*** Opening INPUT DATA ***
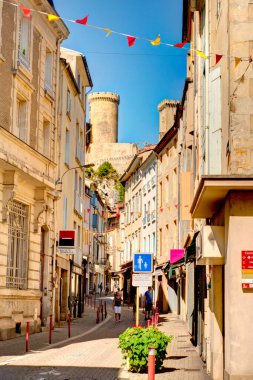 FOIX, FRANCE - AUGUST 2019: Historical center in summertime, HDR image
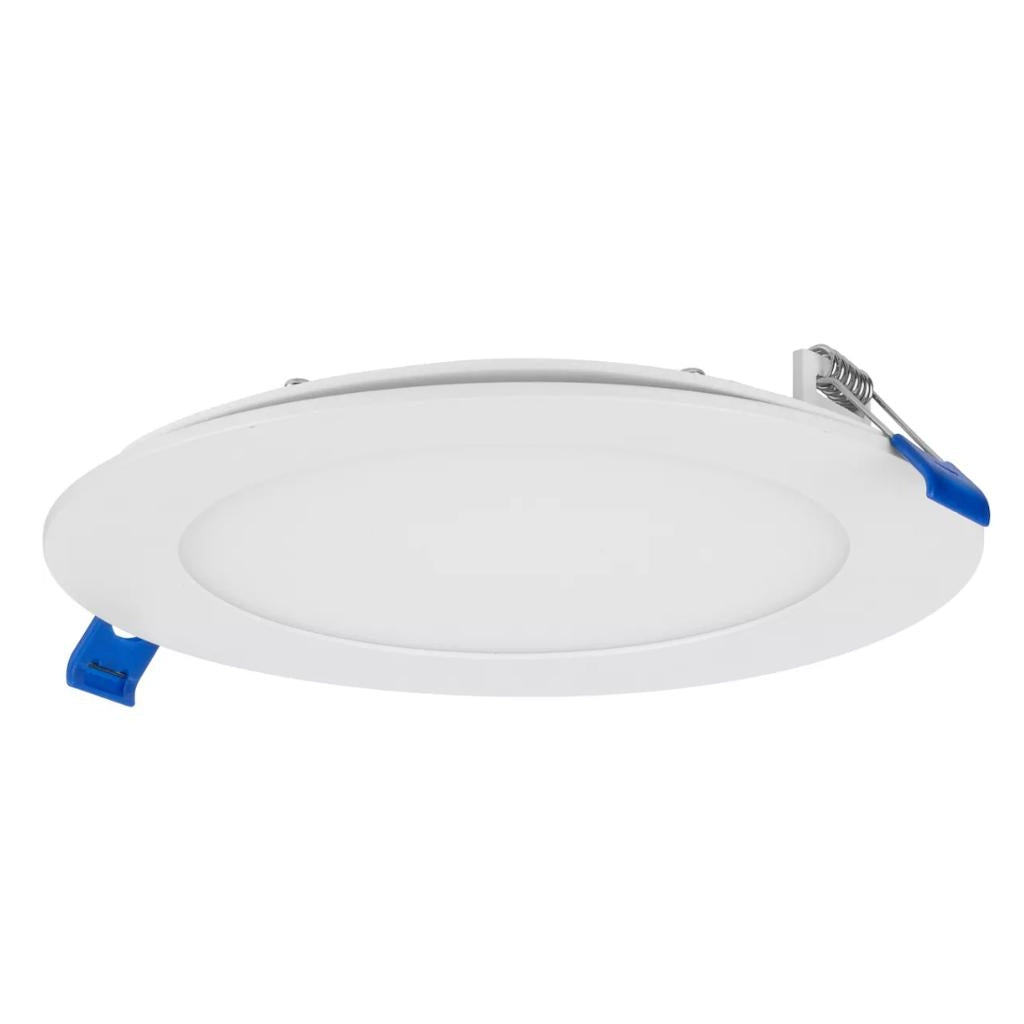 6" 12 watt CCT Selectable White Trim Canless Dimmable LED Downlight 1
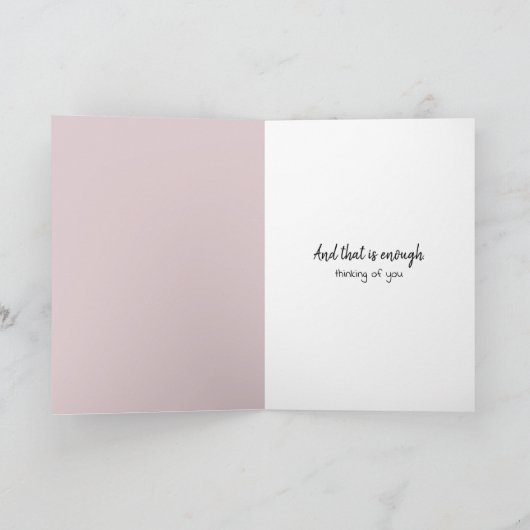 の考え牡丹 カード (内部)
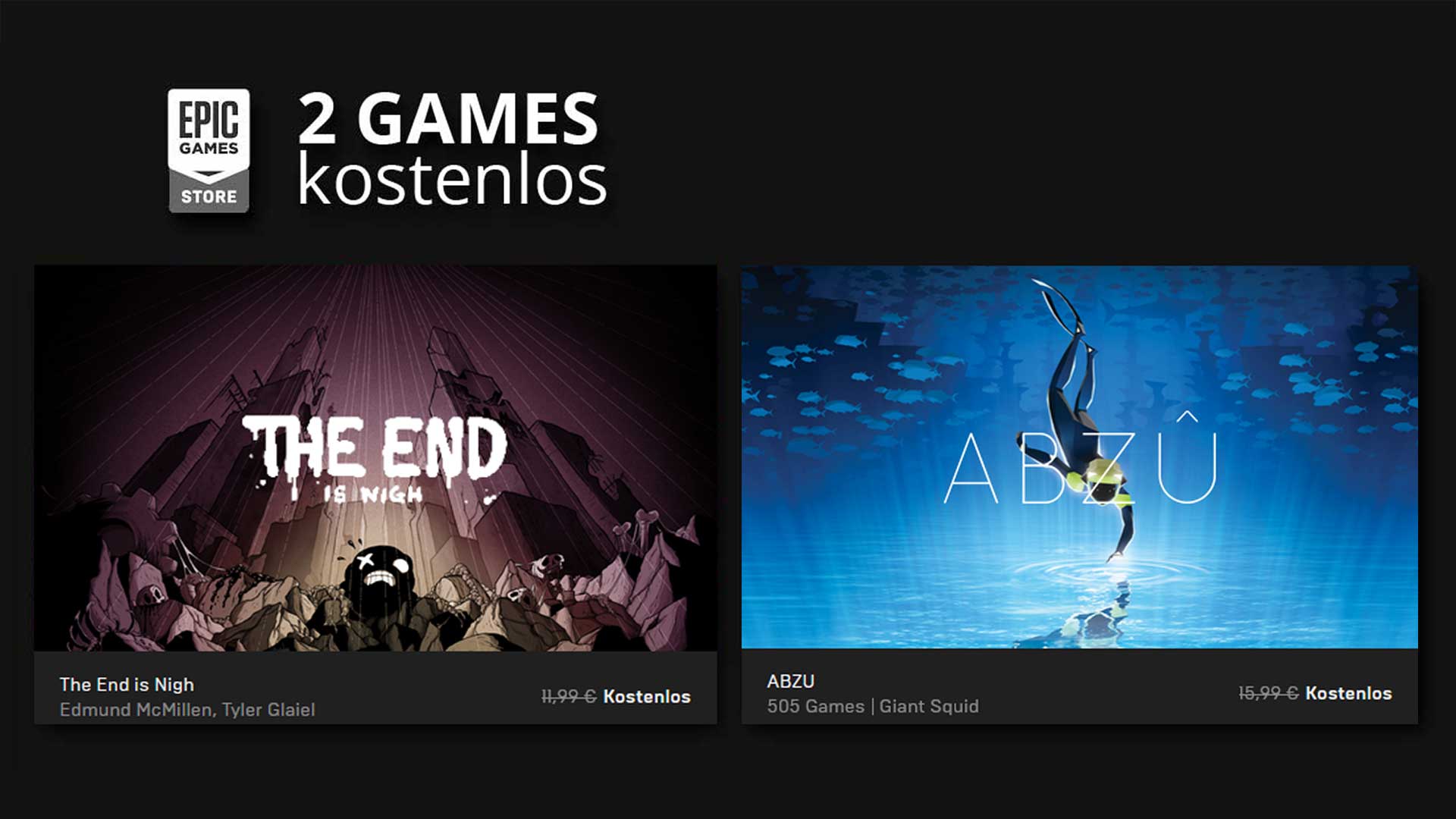 epic store abzu the end is nigh gratis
*** Closing INPUT DATA ***
ASSIGNMENT: Go through the listing and restate each line word for word, leaving out the pictures.

TASK RESULT:
 FOIX, FRANCE - AUGUST 2019: Historical center in summertime, HDR image
 6" 12 watt CCT Selectable White Trim Canless Dimmable LED Downlight 1
 の考え牡丹 カード (内部)
 epic store abzu the end is nigh gratis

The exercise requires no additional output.